# Checks

We check the correctness of the conversion of Abegg's data files to TF.

In this notebook we concentrate on the main fields in the data files:

* transcription `fullo`
* language/lexeme `lang` and `lexo`
* morphology `morpho`

and we'll keep track of the source location: biblical or non-biblical file, line number in the file.

We show that all this material has been transferred to TF completely and faithfully.

In [1]:
%load_ext autoreload
%autoreload 2

In [2]:
import os
import re
import yaml

from tf.app import use

from checksLib import Compare


In [3]:
A = use("ETCBC/dss:clone", checkout="clone", hoist=globals(), silent=False)

Using TF-app in /Users/dirk/github/annotation/app-dss/code:
	repo clone offline under ~/github (local github)
Using data in /Users/dirk/github/etcbc/dss/tf/0.5:
	repo clone offline under ~/github (local github)
Using data in /Users/dirk/github/etcbc/dss/parallels/tf/0.5:
	repo clone offline under ~/github (local github)


# Overview

We compare the material in the source files with the `o`-style features of the TF dataset.
The `o`-style features `fullo`, `lexo`, `morpho` contain the unmodified strings corresponding to
fields in the lines of the source files. we add the `lang` feature to the mix.

We'll compile two lists of this material, one based directly on the source files, and one based on the TF
features.

Both lists consist of tuples, one for each word, and inside each tuple we also
store whether the word comes from the biblical or non-biblical file and what the line number is.

Then we'll compare the tuples of both lists one by one.

## Step 1
We determine the node of the first word in the biblical source file.

In [4]:
ln = T.nodeFromSection(("1Q1", "f1", "1"))
words = L.d(ln, otype="word")
firstBibWord = words[0]
firstBibWord

1889878

# Step 2

We determine the words for which the feature `biblical` is 2. These are the words
that occur in both source files.

We have chosen to retain the biblical entries of these words, and ignore the non biblical entries.

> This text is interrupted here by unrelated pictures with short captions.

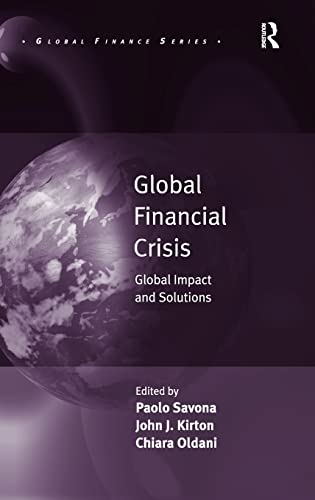 Beispielbild fr Global Financial Crisis: Global Impact and Solutions zum Verkauf von Blackwell's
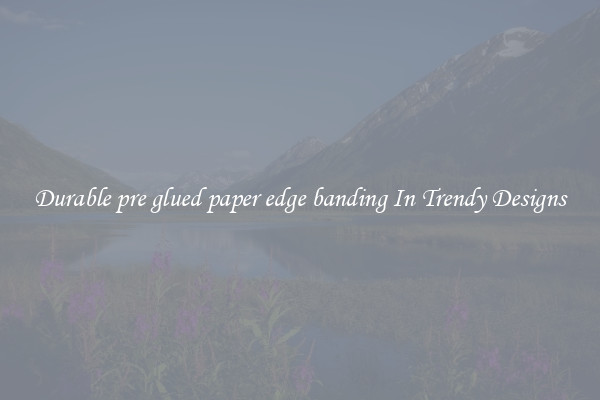 Durable pre glued paper edge banding In Trendy Designs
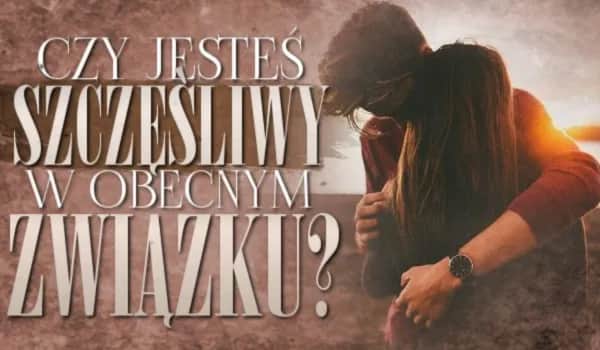 Czy jestem szczęśliwa w związku? Testuj swoje uczucia i relację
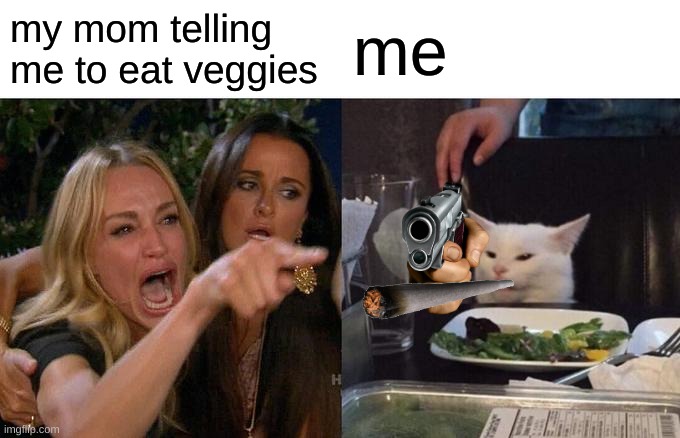 veggies | my mom telling me to eat veggies; me | image tagged in memes,woman yelling at cat | made w/ Imgflip meme maker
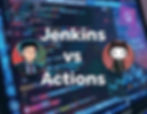 Jenkins vs GitHub Actions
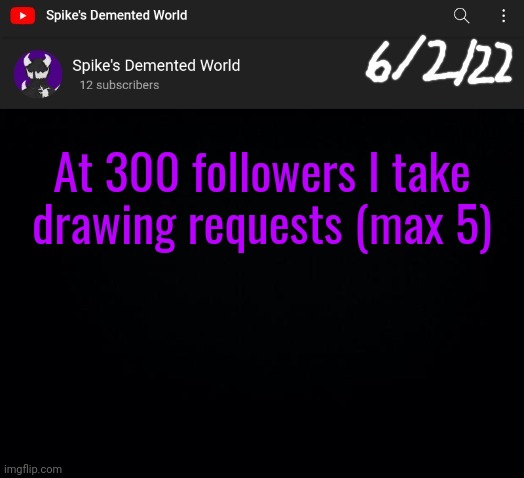 Spike Announcement Template | At 300 followers I take drawing requests (max 5) | image tagged in spike announcement template | made w/ Imgflip meme maker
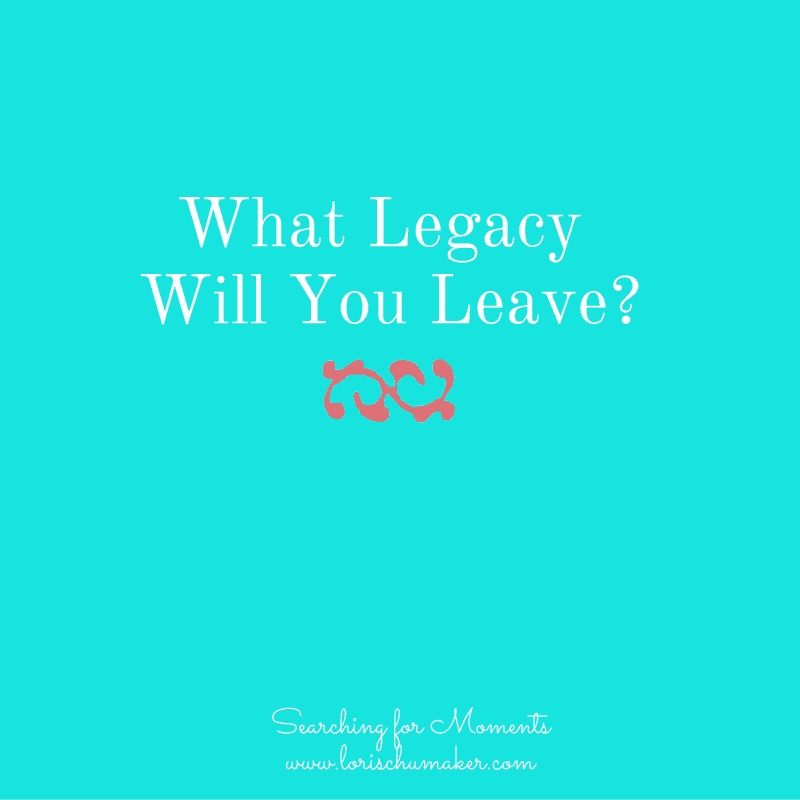 What Legacy Will You Leave - Searching for Moments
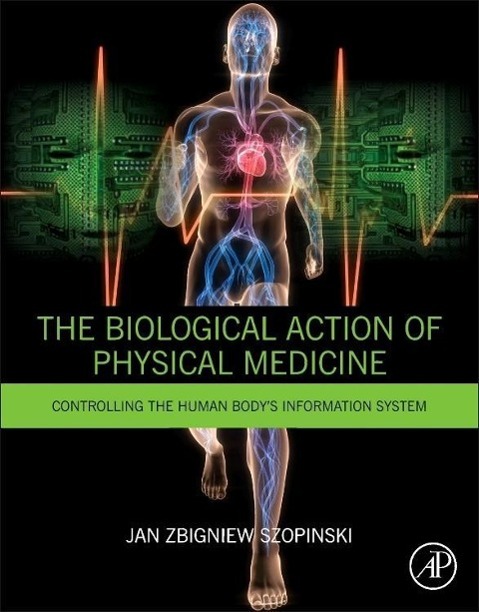 The Biological Action of Physical Medicine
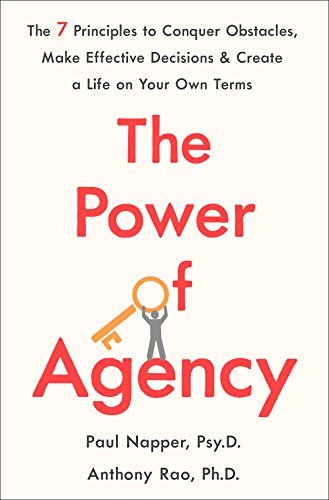The Power of Agency: The 7 Principles to Conquer Obstacles, Make Effective Decisions, and Create a Life on Your Own Terms (English Edition)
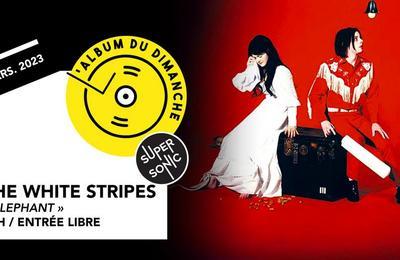 Album Du Dimanche, The White Stripes et Elephant  Paris 12me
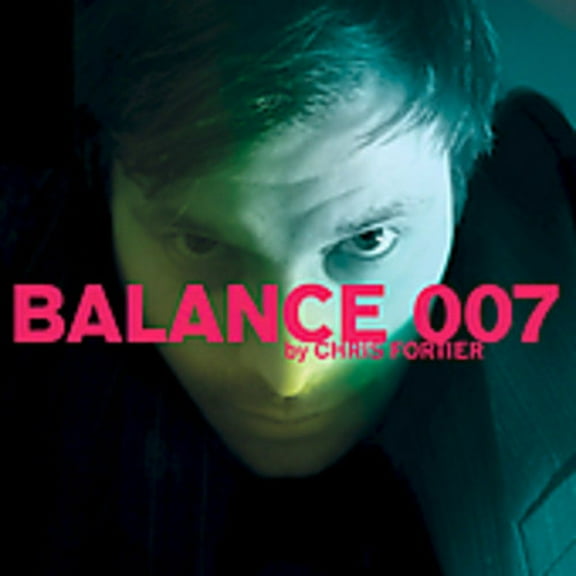 Chris Fortier - Balance 007 - Electronica - CD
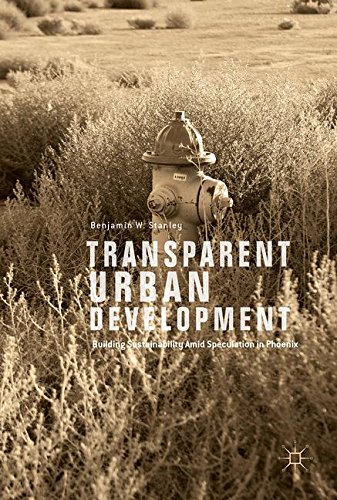 Transparent Urban Development: Building Sustainability Amid Speculation in Phoenix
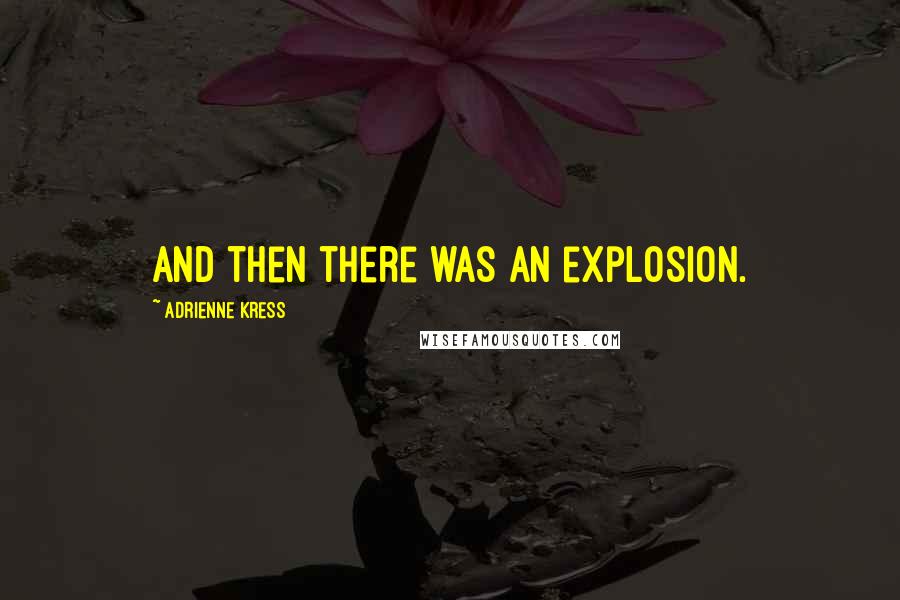 Adrienne Kress Quotes: And then there was an explosion.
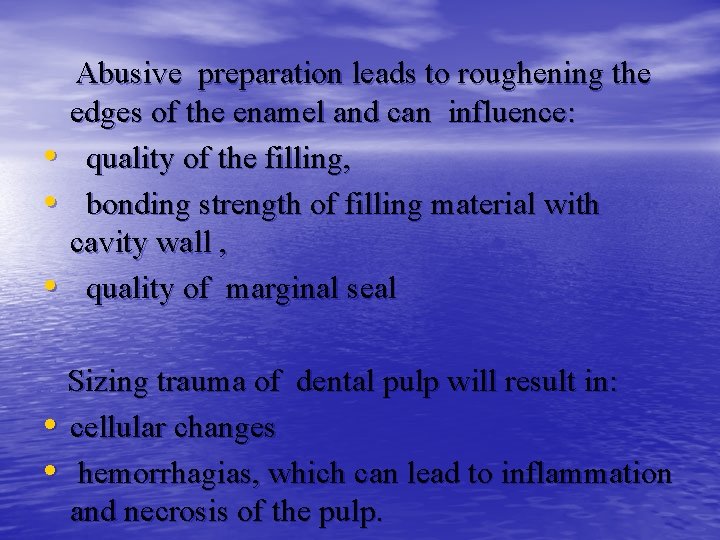  • • • Abusive preparation leads to roughening the edges of the enamel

So, when we are going to compare the source material and the TF material, we have to leave out these
words from the non-biblical part of the source material.
The non-biblical version turned out
to be either equal to the biblical version, or it had no material and the biblical version has a reconstruction.

In order to do that, we make a set of the lines involved, marked by their scroll, fragment and line number.

In [5]:
bib2Lines = {
    "{} {}:{}".format(*T.sectionFromNode(ln))
    for ln in F.otype.s("line")
    if F.biblical.v(ln) == 2
}
bib2Lines

{'2Q29 f1:1',
 '2Q29 f1:2',
 '2Q29 f1:3',
 '4Q249j f1:1',
 '4Q249j f1:2',
 '4Q249j f1:3',
 '4Q249j f1:4',
 '4Q249j f1:5',
 '4Q249j f1:6',
 '4Q483 f1:1',
 '4Q483 f1:2',
 '4Q483 f1:3',
 '4Q483 f2:1',
 '4Q483 f2:2'}

# Step 3

Build the list based on TF: `wordsTf`.

In [6]:
wordsTf = []

for w in F.otype.s("word"):
    biblical = F.biblical.v(w)
    bib = biblical in {1, 2}
    wordsTf.append(
        (
            bib,
            F.srcLn.v(w),
            F.fullo.v(w),
            F.lang.v(w) or "",
            F.lexo.v(w) or "",
            F.morpho.v(w) or "",
        )
    )

We sort the words by source file first and then by source line numbers

In [7]:
wordsTf.sort(key=lambda x: (x[0], x[1]))
len(wordsTf)

500995

In [8]:
wordsTf[0:5]

[(False, 4, 'w', '', 'w◊', 'Pc'),
 (False, 5, 'oth', '', 'oAt;Dh', 'Pd'),
 (False, 6, 'Cmow', '', 'vmo', 'vqvmp'),
 (False, 7, 'kl', '', 'k;Ol', 'ncmsc'),
 (False, 8, 'ywdoy', '', 'ydo', 'vqPmpc')]

# Step 4

Build the list according to the source files.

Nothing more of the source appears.